By Mairi Thomson
The Ferrari F1 team have announced they would consider quitting the sport if proposals to standardise engines are to go ahead.
The sport’s governing body, the FIA, announced the proposals earlier this month as part of President Max Mosley’s drive to cut costs in the sport after saying they were becoming “unsustainable” in the current economic climate.
Ferrari’s board of directors met in Maranello yesterday to discuss the future of the team, which has been the most successful recently, winning the constructors championship seven times in nine years.
A statement released by the team said: “The board expressed the opinion that should these key elements [of engine design] be diminished, it would have to re-evaluate, with its partners, the viability of continuing its presence in the sport.”
The FIA plans to discuss cost cuts – and how to achieve them – in a meeting with teams in Geneva today.
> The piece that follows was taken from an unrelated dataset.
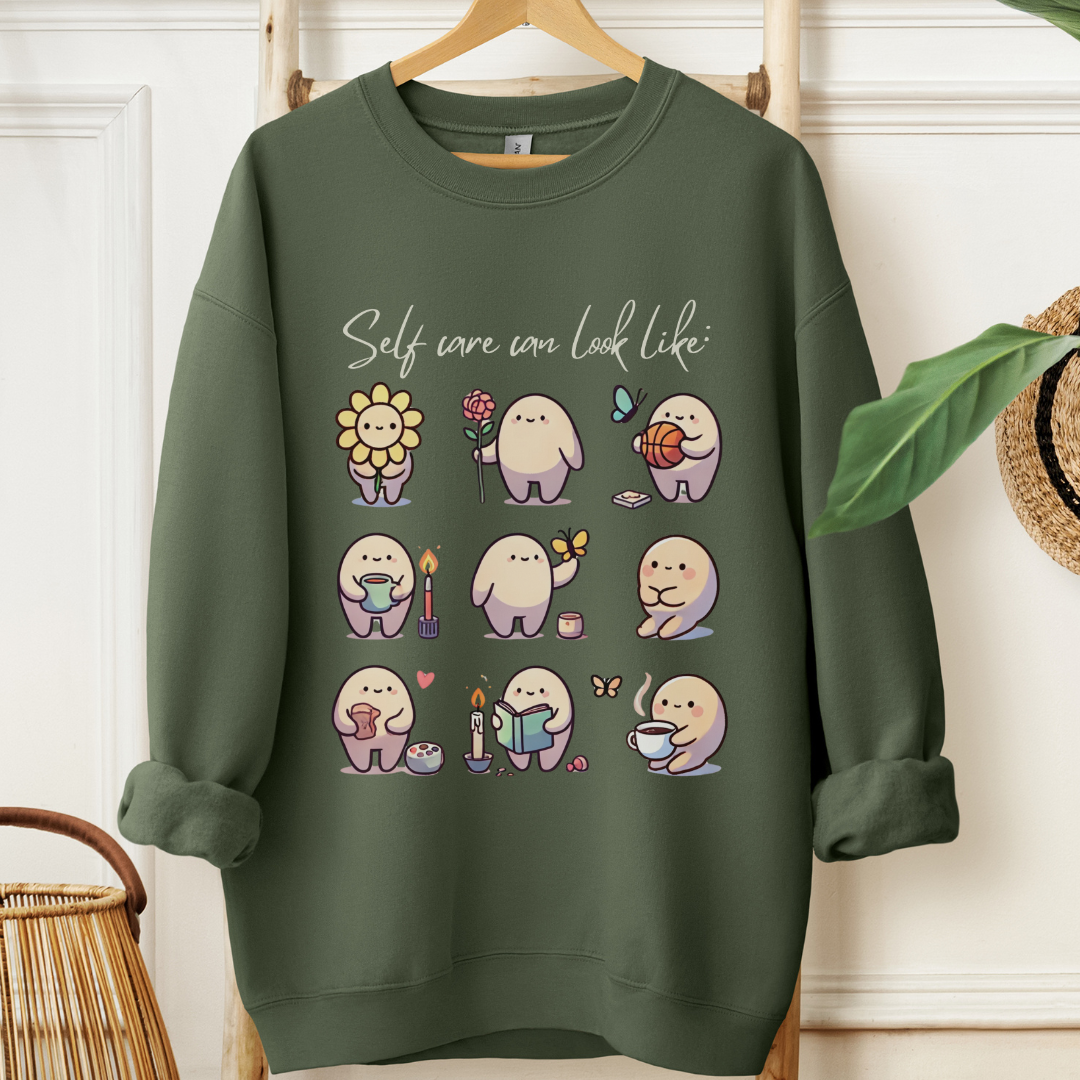 Self Care can look like ✦ Sweatshirt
When publishing the agenda for the meeting the FIA added:
“The FIA believes that Formula One costs are unsustainable. Even before current global financial problems, teams were spending far more than their incomes. As a result, the independent teams are now dependent on the goodwill of rich individuals, while the manufacturers’ teams depend on massive hand-outs from their parent companies.
“There is now a real danger than in some cases these subsidies will cease. This could result in a reduction in the number of competitors, adding to the two team vacancies we already have and reducing the grid to an unacceptable level.”
Cost cutting in Formula 1 became a prominent issue following the withdrawal of the Super Aguri team from the 2008 championship due to financial issues.